14. The ESD protection device according to claim 2, wherein the discharge auxiliary electrode film also includes a semiconductor powder at a ratio of about 5 volume % to about 50 volume % relative to a combination of the metallic particles and the semiconductor powder.
15. The ESD protection device according to claim 2, wherein the opposed electrodes and the discharge auxiliary electrode film are located on the surface of the ceramic base material, and a protective film is provided on the discharge auxiliary electrode film.
16. The ESD protection device according to claim 15, wherein the protective film includes a same type of glass as the glass covering the metallic particles.
17. The ESD protection device according to claim 3, wherein the pair of opposed electrodes are disposed on a common plane so as to be coplanar with one another.
18. The ESD protection device according to claim 3, wherein a barrier layer containing inorganic insulating material particles as its main constituent is provided between the discharge auxiliary electrode film and the ceramic base material.

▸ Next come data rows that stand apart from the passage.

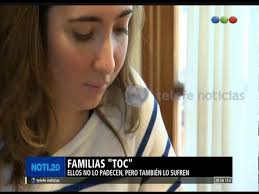 Trastorno Obsesivo Compulsivo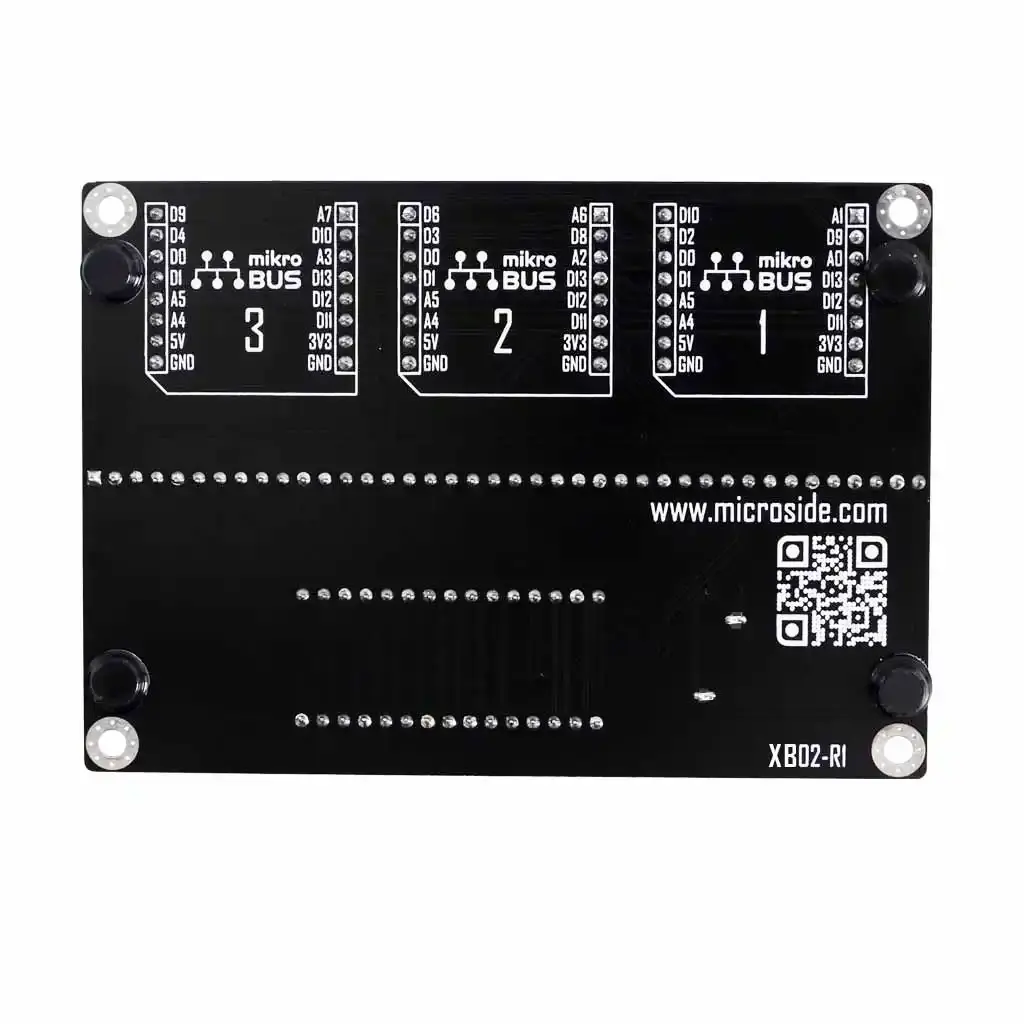 X-BOARD ARDUINO NANO 33 MICROSIDE XIDE 02.webp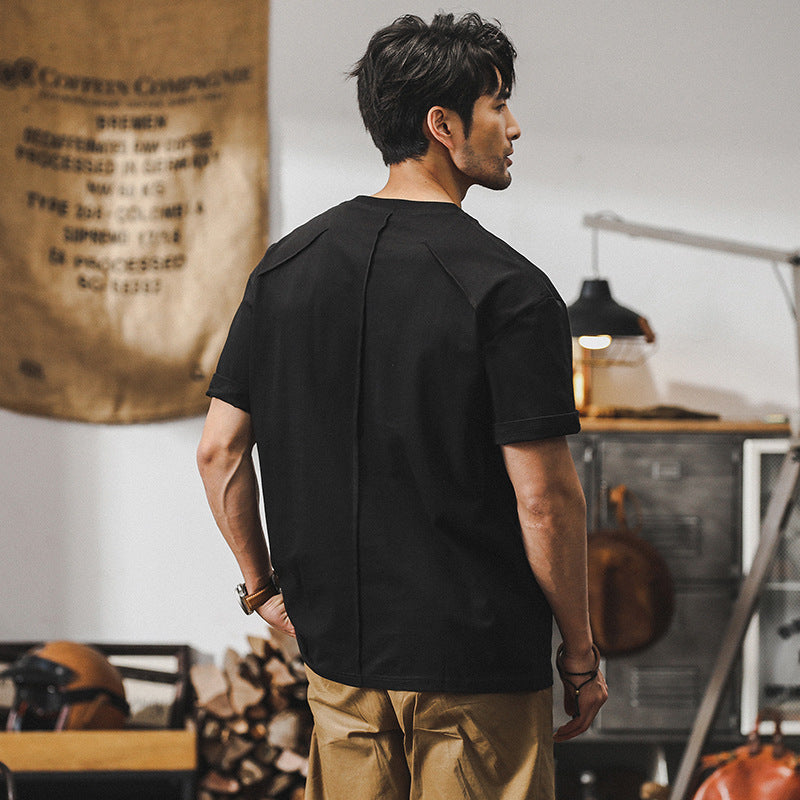 VAAGOON Edge Cut T-Shirt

19. The ESD protection device according to claim 3, wherein the discharge auxiliary electrode film also includes an inorganic oxide at a ratio of about 5 volume % to about 30 volume % relative to a combination of the metallic particles, the glass, and the inorganic oxide.
20. The ESD protection device according to claim 3, wherein the discharge auxiliary electrode film also includes a semiconductor powder at a ratio of about 5 volume % to about 50 volume % relative to a combination of the metallic particles and the semiconductor powder.